As the NBA’s media rights deal came into focus earlier this summer, it became increasingly clear that Warner Bros. Discovery would be left on the outside looking in.
And one of the biggest red flags came in the form of the “poison pill” that Amazon put in its own agreement with the league.
Bill Simmons was the first to report on the clause, in which Amazon would put its first three years worth of payments to the league into escrow. With WBD having already signaled that it would attempt to exercise its matching clause on Amazon’s $1.8 billion portion of the deal and not NBC’s due to the $2.5 billion price tag, many figured that such a clause would effectively take TNT’s parent company out of the running.
Nevertheless, WBD did attempt to match Amazon’s portion of the package after reportedly securing a credit line to help account for the poison pill. But as it turns out, there was seemingly more to the story.
With WBD suing the NBA for declining its match attempt, the league has now responded, as expected with a motion to dismiss. And as pointed out by The Athletic’s Mike Vorkunov, the NBA claims that not only was WBD (listed as “TBS”) unable to properly match the value offered by Amazon in its deal, but that the company attempted to dramatically alter the “poison pill” clause.
“Amazon agreed to maintain three years of rights fees in an escrow account for the NBA’s benefit,” the response reads, confirming the clause. “When a rights payment becomes due under the agreement, [the contract] ensures that the NBA will automatically receive the full payment from the escrow account on the day it is due, and Amazon then is required to replenish the account within five business days of each payment withdrawal.

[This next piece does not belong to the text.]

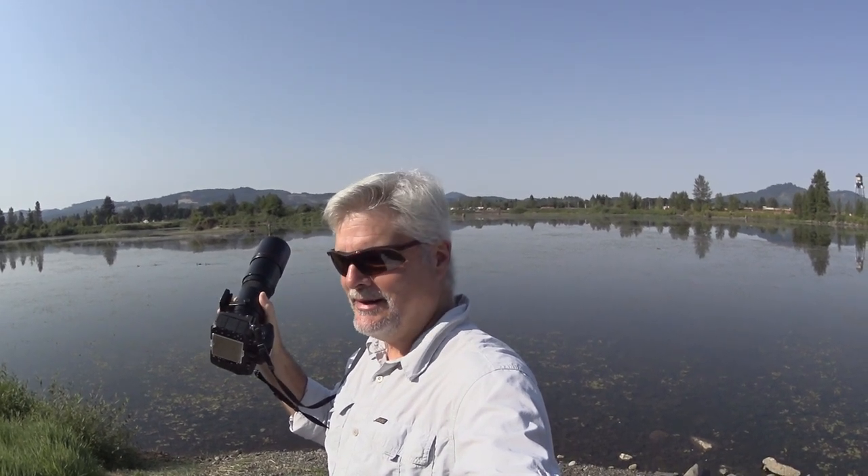It's a one-camera, one-lens kind of day. The Tokina 400mm f/5.6 lens attached to my Nikon D810.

“In its purported match, TBS turned this entire structure on its head, eliminating the requirement to deposit rights fees into an escrow account and giving itself, not the NBA, the choice of replacing the escrow requirement with letters of credit… Further, instead of allowing the NBA to receive payment automatically from the escrow account as rights fees become due, TBS’s revisions would only allow the NBA to draw down on the letters of credit—which, under TBS’s revisions, ‘may be syndicated letters of credit,’ thus requiring the
NBA to collect from multiple banks—if rights fees ‘are not timely paid.’
Reading between the lines — and takin the NBA at its word — it appears WBD was willing to commit to the first three years of the “poison pill,” but not beyond, as Amazon had offered.
I’m not a lawyer, but WBD will presumably argue that the intent of such clause was aimed at boxing it out of matching Amazon’s offer, while the NBA will likely respond that the intent is irrelevant so longer as the e-commerce giant was offering the league more value than WBD can provide. Ultimately, this all seems to be heading to the same place — likely a settlement — with the NBA moving forward with its Disney/Comcast/Amazon rights deal and WBD finally facing the reality of a future without the NBA on its airwaves.